# Dolomedes Tenebrosus



## Crysta (May 19, 2010)

Hmm, so I got off my bum and went and collected some fishing spiders.

I had a male for a week, he had sperm carriers on his palps, he seemed mature to me. Then he molted again so I am assuming this will be his last molt. He went from .8 inch to 1.3 inches.

I just never knew male spiders molted after they acquired the sperm carriers! hehe learn something new everyday. 

Here is the female I collected, abit small, so I will be going out to look for a bigger, and actually mature female. She is 2 inches long...really small. Usually females are ready around 3 to 3.5 inches. I think she should be ready to mate in 1 1/2 month to 2 month range. 

heres some pictures!
Oh the male looked a lot like the female before the molt, but with swollen palps. I wish I took  a picture then haha. The only one I have is a crappy one of him feeding.

before molt






molt






after molt, he's still a bit translucent here. 






heres the female












thanks for reading!


----------



## Moltar (May 19, 2010)

Awesome species and great pics too. This is a fun species of true to keep. 

I caught a gravid female a few miles from my home last year. She produced two sacs which I allowed to hatch and released into a marshland near my house. It was a newly created habitat (construction) so I figured it could use some predators. The nursery webs they make are so cool!


----------



## Malhavoc's (May 19, 2010)

Actualy most true spiders I deal with, have the mature palps before maturity but at that size it does sound mature ish, they are wonderful specimens quite personality inspired little buggers. I hope you enjoy them


----------



## Crysta (May 19, 2010)

hehe yeah they are very beautiful! Ill be shipping her out to someone after I mate her, he wants to give a go at rearing the young. I've done it before, but mannn I hate fruit flies, and springtails lol...

really malhavoc? awesome!
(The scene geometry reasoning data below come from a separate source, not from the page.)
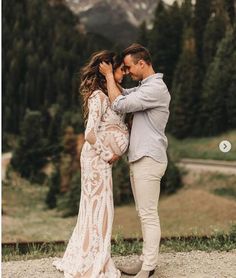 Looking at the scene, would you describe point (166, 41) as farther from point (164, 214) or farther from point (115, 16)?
point (164, 214)

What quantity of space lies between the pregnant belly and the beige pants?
0.14 m

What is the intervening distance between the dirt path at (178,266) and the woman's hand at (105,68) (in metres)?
1.36

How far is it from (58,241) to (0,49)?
234 cm

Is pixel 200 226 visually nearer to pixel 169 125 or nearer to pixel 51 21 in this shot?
pixel 169 125

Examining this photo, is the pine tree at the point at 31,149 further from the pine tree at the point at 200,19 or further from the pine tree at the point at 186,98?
the pine tree at the point at 200,19

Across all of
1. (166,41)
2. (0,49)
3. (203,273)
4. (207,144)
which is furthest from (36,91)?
(203,273)

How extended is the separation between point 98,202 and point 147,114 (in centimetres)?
66

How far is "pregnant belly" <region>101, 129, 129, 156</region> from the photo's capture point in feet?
12.3

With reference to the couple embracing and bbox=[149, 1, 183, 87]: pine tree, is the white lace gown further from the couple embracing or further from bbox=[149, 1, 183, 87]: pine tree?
bbox=[149, 1, 183, 87]: pine tree

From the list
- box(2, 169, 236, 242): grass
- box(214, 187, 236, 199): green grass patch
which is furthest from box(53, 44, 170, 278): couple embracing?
box(214, 187, 236, 199): green grass patch

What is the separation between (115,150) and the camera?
379 centimetres

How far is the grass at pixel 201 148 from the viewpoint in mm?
6363

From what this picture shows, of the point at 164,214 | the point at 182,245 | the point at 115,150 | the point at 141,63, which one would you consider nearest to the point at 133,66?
the point at 141,63

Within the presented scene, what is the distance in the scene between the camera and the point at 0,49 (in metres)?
7.11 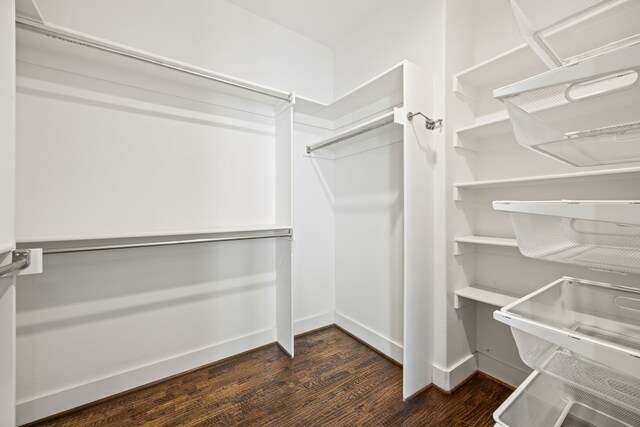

That's something I never knew, I always went out and just caught a male I found and 'threw' it to the female ahhaha


----------



## Malhavoc's (May 19, 2010)

The species I know that have the enlarged bulbs prior to molts are:
The typical grass spider
The little theridea *Spelling) cobweb spiders.
 Fishingnurse web spiders.
and most local of wolf spider roun' here.

Nice to see another prominant canadian. seen you poppin up all over the boards.

A good way to tell maturity is initial responses to female just keep an eye on it they will begin to court very quickly-and as far as rearing, if I recall correctly these species have the mothering habbits of a Nursery web spider, so not sure you will want to seperate them till 2i or 3i


----------



## Crysta (May 19, 2010)

*pop*

I see you everywhere too haha. 

Hmm, I guess I need to keep more true spiders  I will be waiting till I get to vancouver for that though. Get myself more tarantulas and centipedes too. I am also considering getting Tribolonotus Gracilis very beautiful dragon like appearence. 

Yep, you can really tell when females are ready. ( I keep the males beside her enclosure, poor guys always gettin' a view. haha I have two males incase once turns into dinner haha)

Yep they do, these guys carry the sack inside their mouths for about four weeks. They actually hunt and drink water (well my last one did). You can keep them together until about 3 instar, they will kill prey that gets caught in the web and will eat it together, but after that they will disperese.....through every hole! lol. It amuses me that the mother is overly protective of the instars when they hatch, I have a scare from opening her container during that period.. oow. 
thanks for all the info!


----------



## TheTyro (May 19, 2010)

The males have the cutest little faces. I always find it amusing that the females get the ferocious end of the stick, while the boys look like kittens. 

Great photos!


----------



## Widowman10 (May 19, 2010)

in some species, you can tell the males apart because of the enlarged palps. in widows, the palps will be swollen in the antepenultimate stage, get bigger in the penultimate stage, and then be ready for breeding and loading in the ultimate stage. 

so, just 'cause you see enlarged palps, it doesn't necessarily mean it's mature. many times- yes, always- no.


----------



## Crysta (May 19, 2010)

Widowman10 said:


> in some species, you can tell the males apart because of the enlarged palps. in widows, the palps will be swollen in the antepenultimate stage, get bigger in the penultimate stage, and then be ready for breeding and loading in the ultimate stage.
> 
> so, just 'cause you see enlarged palps, it doesn't necessarily mean it's mature. many times- yes, always- no.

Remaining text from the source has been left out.